Strike: Labor Unites for Rights
"SOLDIERS AND SAILORS MUST BE EMPLOYED NOW,"
the bold headlines read as World War I neared its end in
November 1918.
But as more heroes of war arrived home looking for work, the heroes of the
homefront -- the laborers who had kept local industries running -- began their
own fight to maintain fair wages and recognition for their efforts.
American workers had accomplished a "miracle of production" to support the
country's war effort, but with the Armistice signed and peace negotiations under
way, curtailments had begun quickly. Seattle's huge shipyards had paid high
wages to attract men during the war years, but as production needs declined, the
government intervened, establishing a nationwide pay scale much lower than Puget
Sound workers found acceptable.
On Jan. 21, 1919, news that 25,500 shipyard workers had begun a strike in
Seattle overshadowed reports of the Paris peace negotiations. The Metal Trades
Council staged the walkout, seeking to maintain $1 an hour for its skilled
workers.
In sympathy with their demands, the city's Central Labor Council voted to
hold a referendum, allowing affiliated unions to vote on joining the
metalworkers in a general strike.
The threat of a walkout by the council's 130 locals, representing more than
30,000 additional workers, caused citywide consternation. "This is the time for
Common Sense," editorials in The Times pleaded. But as union after union voted
to join the protest, Seattle braced itself for the worst.
The "latest developments" in the strike began to appear daily on the front
page of local papers; articles warned residents about potentially "grave
difficulties in obtaining the necessities of life."
Dire predictions abounded: Seattle would be paralyzed. Alaska was threatened
with famine if docks shut down. Milk supplies would disappear in two days. Meat
markets would have no meat and bakeries no flour for bread. Streets would be
dark, electric heaters cold, 50,000 homes without light.
A local citizens committee tried to help with arbitration, but the
government nixed any possibility of a settlement between shipyard owners and
workers. If exceptions were made for some workers, no contract would be sacred,
federal officials argued, explaining their no-compromise position in full-page
newspaper announcements. Some residents took sides but most stocked up on oil
stoves, lamps and groceries, afraid of what might happen.

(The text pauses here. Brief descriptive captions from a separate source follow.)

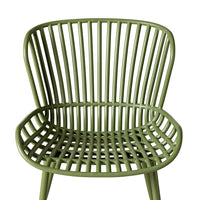 Lini Outdoor Dining Chair Khaki Green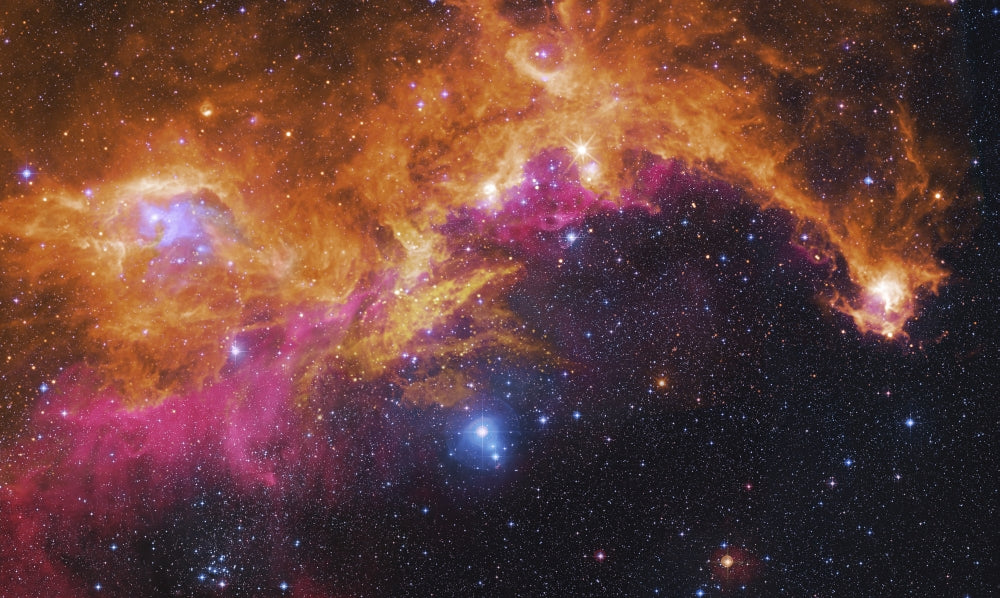 Poster print of IC 2177 Seagull Nebula - Light-Infrared Composite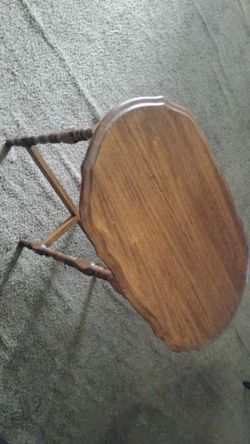 vintage walnut table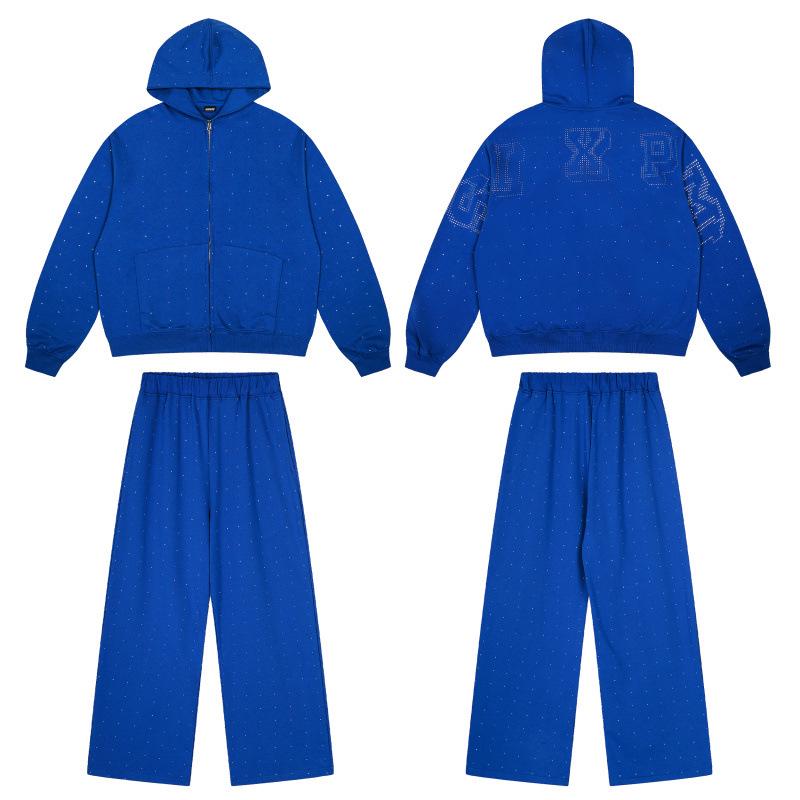 6PM Худи и спортивные штаны с вышитыми буквами в стиле хип-хоп Мужской спортивный костюм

Ministers used their pulpits to urge forbearance, while Seattle's flamboyant
mayor, Ole Hanson, promised to preserve order and protect life and property.
As tensions grew, rumors persisted that a radical takeover of the city was
imminent, and that the Bolsheviks, successful in Russia, hoped to start a
revolution in Seattle.
The chief of police urged people to stay off the streets and
temporarily deputized nearly 3,000 soldiers, sailors and guards, even forming a
machine-gun squad. A special edition of The Seattle Star urged workers to "Stop
Before It's Too Late," and the message was printed as a paid announcement in
other papers.
But it was too late. And at 10 a.m. on Feb. 6, 1919, most union men and women
walked off their jobs. Seattle's general strike, the largest in the United
States, shut down the city for several days. Streets were quiet. Most newspapers
ceased publication, streetcars stopped running, and industry ground to a halt.
But for average citizens the strike's consequences were not as severe as
predicted. No babies were deprived of milk, and local residents, though
inconvenienced, were not without food, lights or heat. Above all, there was no
violence, no revolution in the streets.
SEATTLE'S LABORING PEOPLE HAD PROVED A POINT:
Union solidarity was possible. But where would the strike lead
them? Radical activist Anna Louise Strong, editorializing in the city's labor
paper, The Union-Record, had used the stirring phrase "No One Knows Where" to
underscore the strike's potential.
But instead of leading labor to new gains, the strike seemed merely to
provide fuel for harshly reactionary responses. An anti-syndicalism law passed
by the state Legislature early in its 1919 session was used as a basis for
numerous raids on Socialist and radical labor headquarters, police disruption of
meetings, and the arrest of suspected revolutionaries.
When three marchers were mysteriously shot in Centralia's 1919 Armistice Day
parade, vigilantes retaliated by lynching a radical union leader, Wesley
Everest. The Seattle Union Record's sympathetic coverage of the union side
prompted federal marshals to suspend publication of the paper for several days,
charging its editor with sedition.
Others made political capital of the continuing fear of labor radicalism.
Seattle's Mayor Hanson -- whose pledge that "anarchists in this community shall
not rule its affairs" had gained him nationwide recognition -- resigned from
office. He launched a cross-country speaking tour, hoping the publicity might
even propel him into the Republican presidential nomination.
But for labor, the strike that began with such hope and proceeded with such
calm ended with bitterness and repression. The strike that could go "No One
Knows Where" in the short term led the unions nowhere nearer their goals.